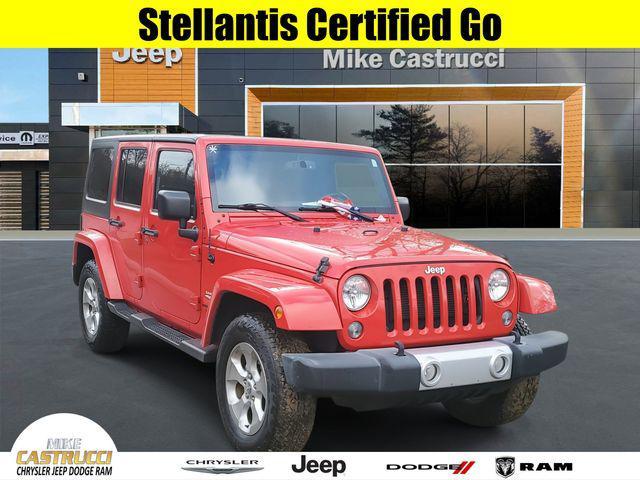 used 2015 Jeep Wrangler Unlimited car, priced at $19,995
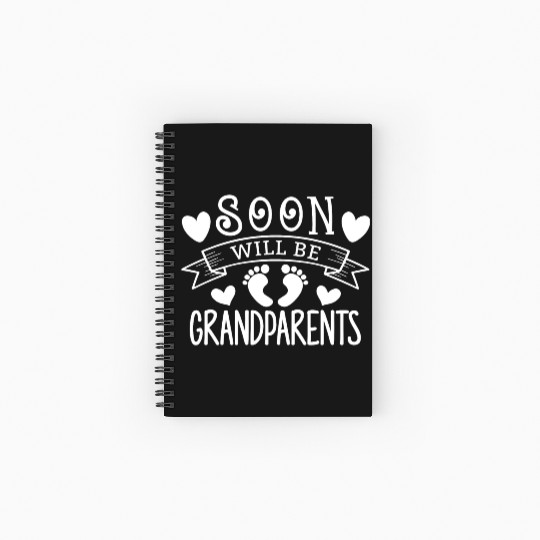 We Will Soon Become Grandparents, Be Grandparents Spiral Notebooks   Ruled Line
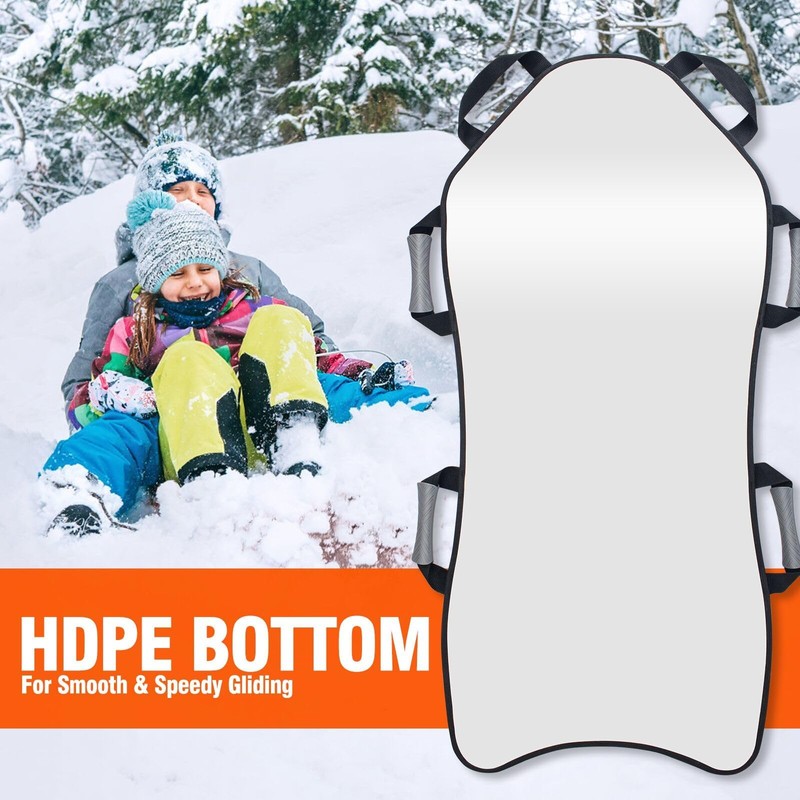WOOWAVE 45"×18" Foldable Snow Sled, Black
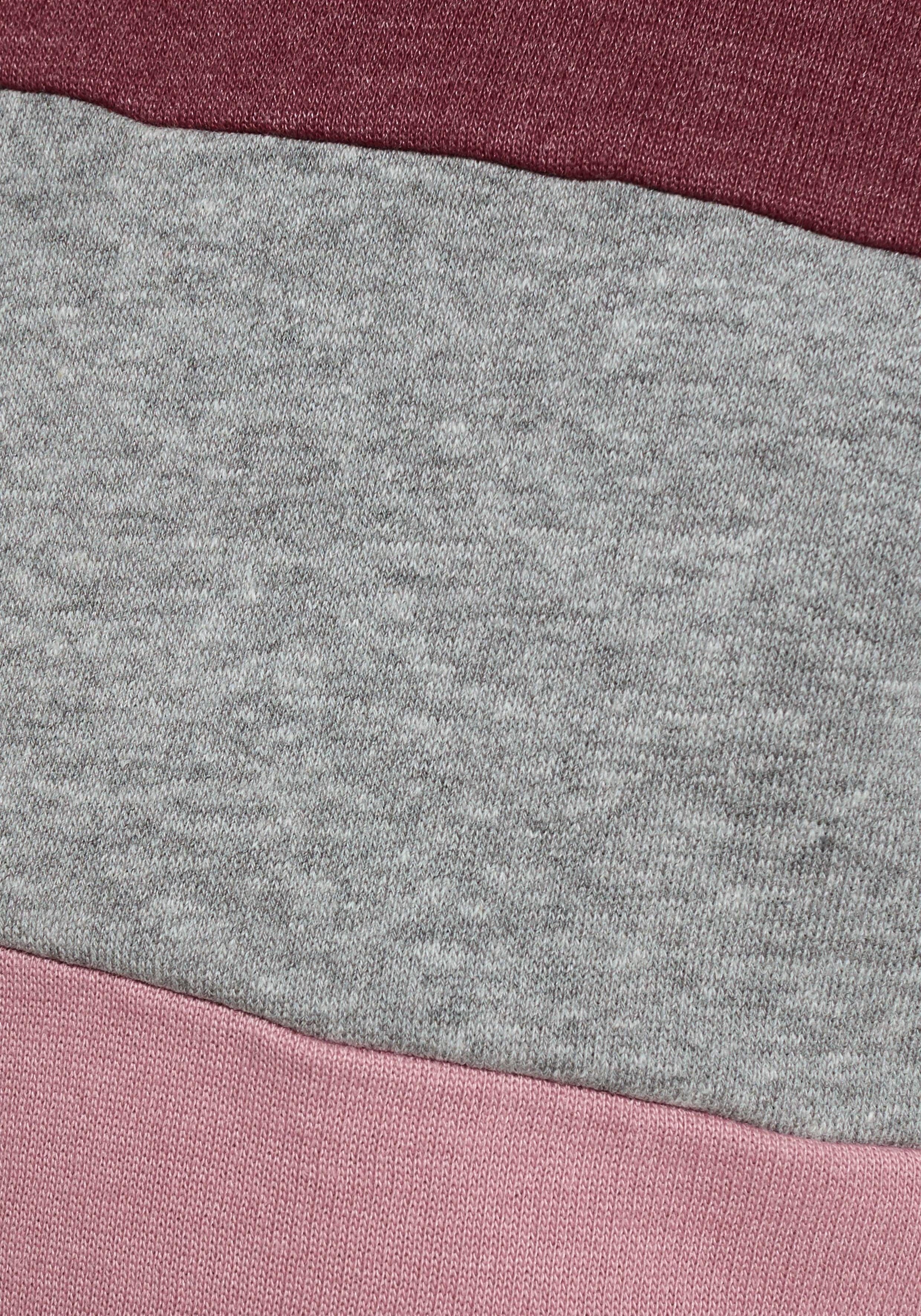 KIDSWORLD Sweatkleid mit Kapuze und Colorblocking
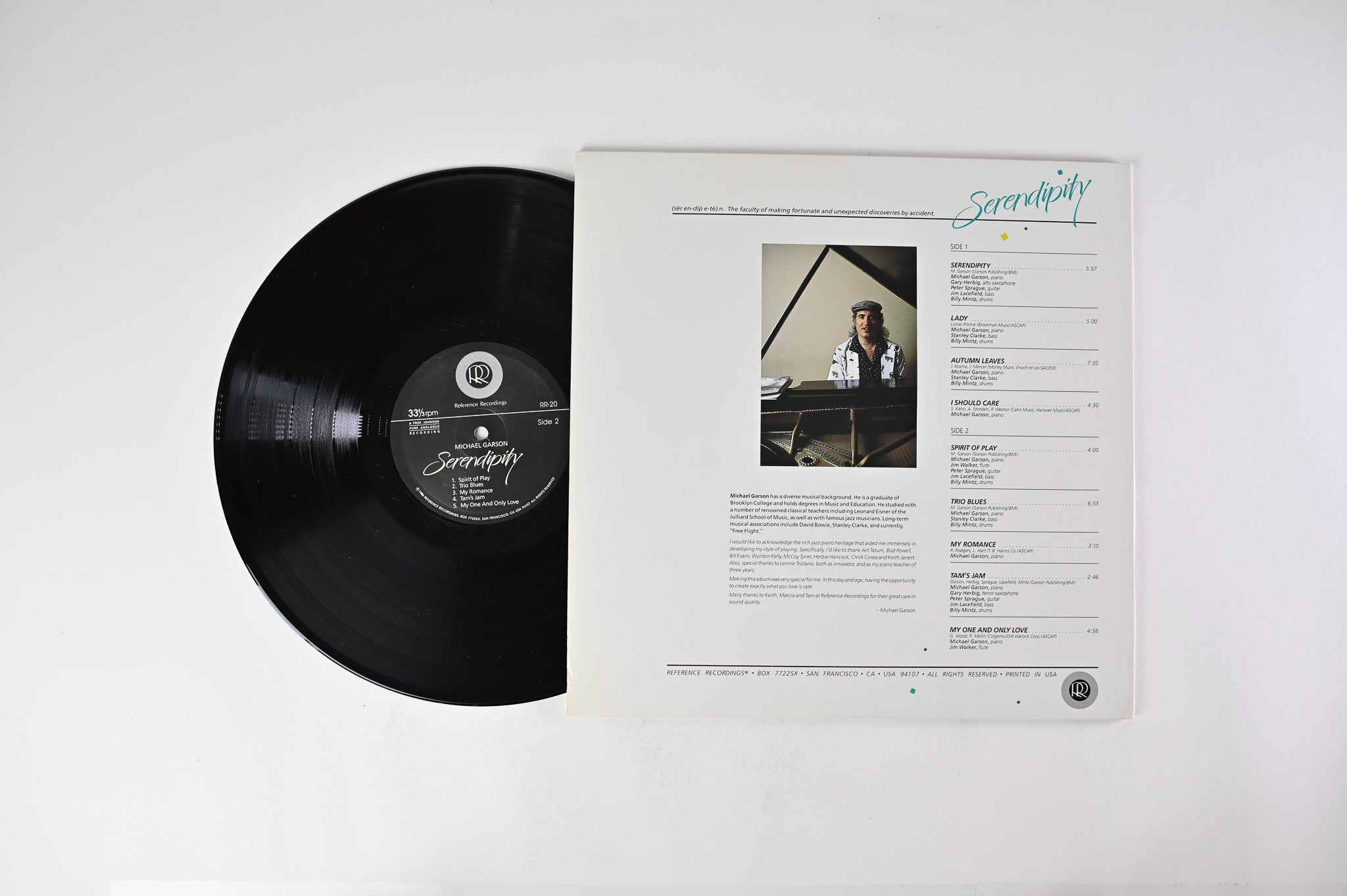 Michael Garson - Serendipity on Reference Recordings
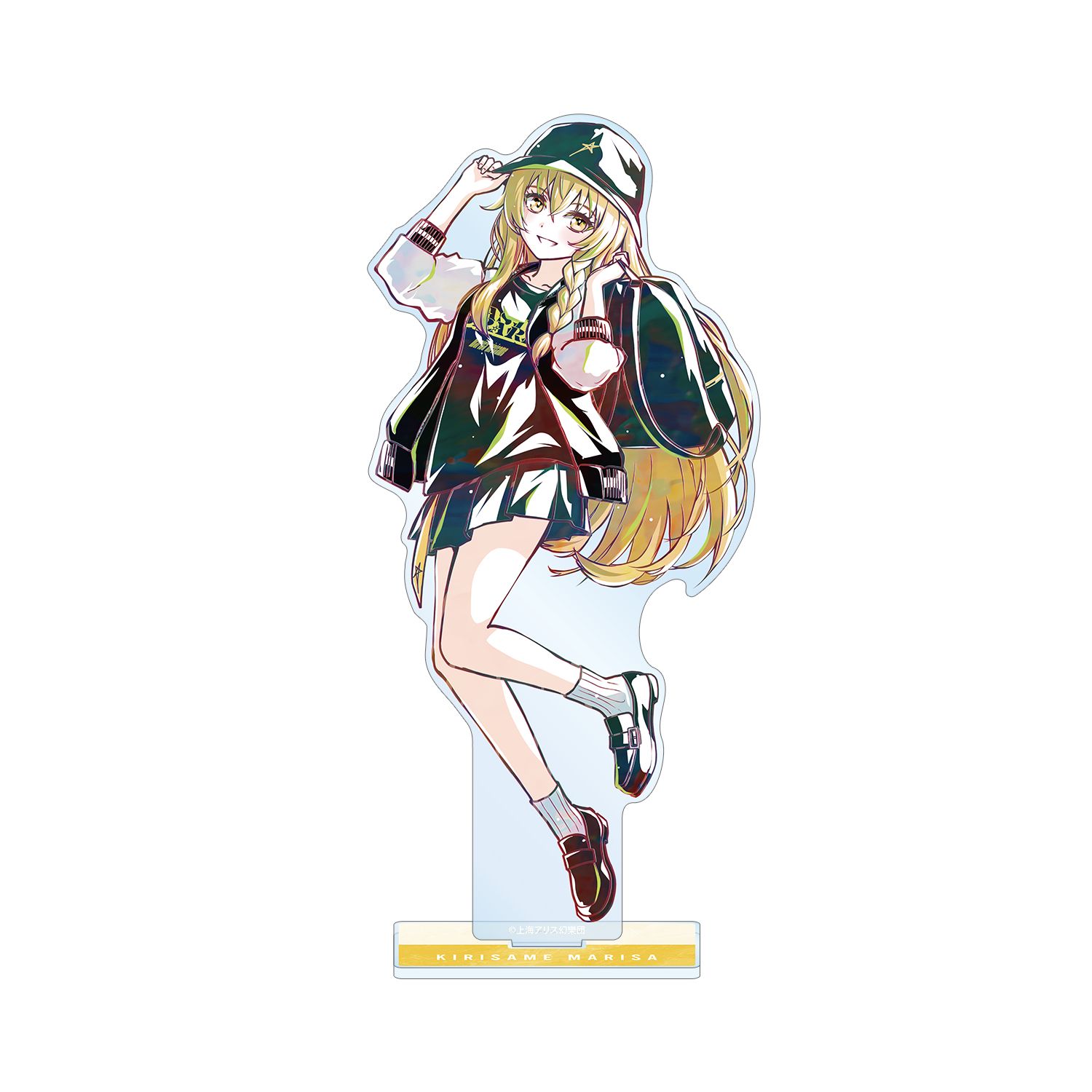 東方Project 松本能人イラスト 霧雨魔理沙 現代風ファッションver. Ani-Art BIGアクリルスタンド 图片 5 | AniSmile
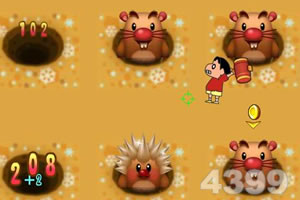 蜡笔小新打地鼠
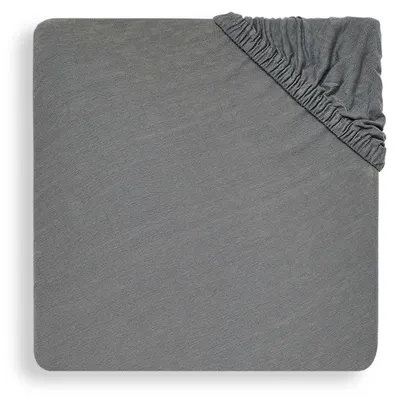 Produktbild von Spannbettlaken Wiege Jersey 40 x 80/90 cm - Storm Grey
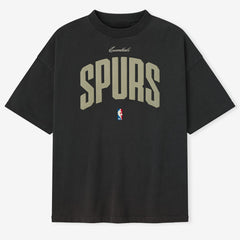 San Antonio Spurs Fear of God x NBA Unisex 90's T-Shirt Black - NBA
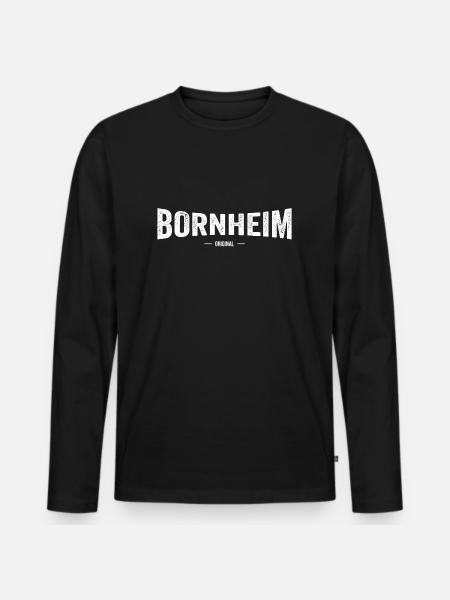 Bornheim Original - Männer Premium Bio Langarmshirt - Schwarz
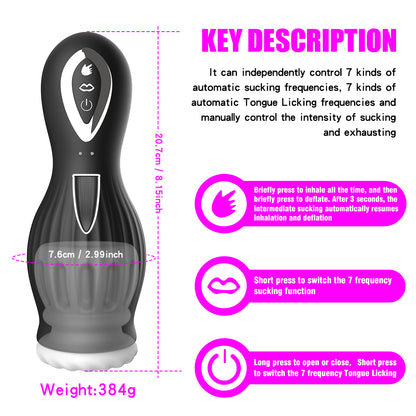 Viper - Vaccum Sucking Tongue Licking Male Penis Trainer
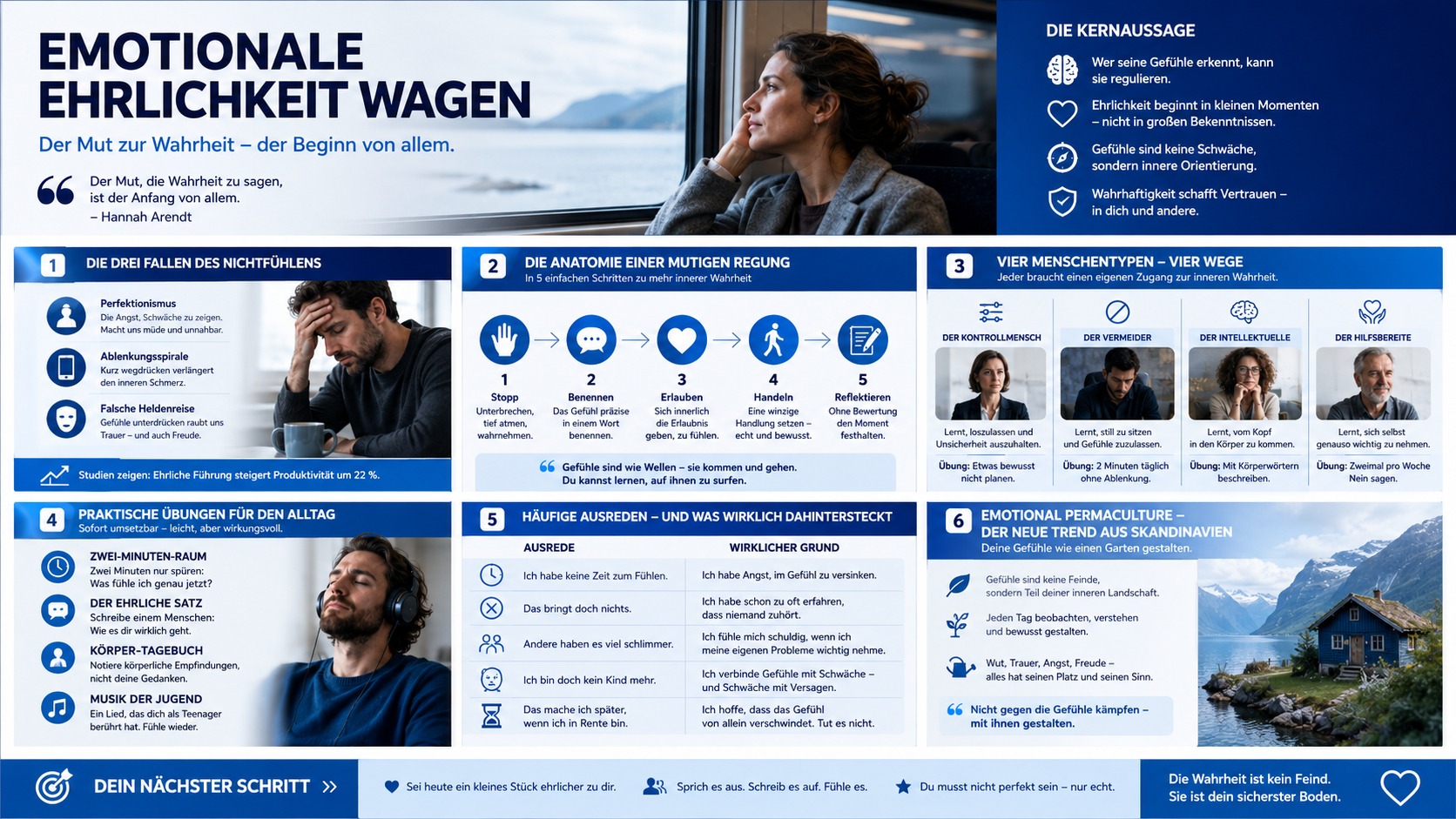 Infografik Emotionale Ehrlichkeit wagen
══════════
» **WORK TO COMPLETE**
Please retype exactly the lines from the line containing "We Will Soon" through the final line of the records above, inclusive, leaving out any pictures.

» **WRITTEN RESPONSE**
 We Will Soon Become Grandparents, Be Grandparents Spiral Notebooks   Ruled Line
WOOWAVE 45"×18" Foldable Snow Sled, Black
 KIDSWORLD Sweatkleid mit Kapuze und Colorblocking
 Michael Garson - Serendipity on Reference Recordings
 東方Project 松本能人イラスト 霧雨魔理沙 現代風ファッションver. Ani-Art BIGアクリルスタンド 图片 5 | AniSmile
 蜡笔小新打地鼠
 Produktbild von Spannbettlaken Wiege Jersey 40 x 80/90 cm - Storm Grey
 San Antonio Spurs Fear of God x NBA Unisex 90's T-Shirt Black - NBA
 Bornheim Original - Männer Premium Bio Langarmshirt - Schwarz
 Viper - Vaccum Sucking Tongue Licking Male Penis Trainer
 Infografik Emotionale Ehrlichkeit wagen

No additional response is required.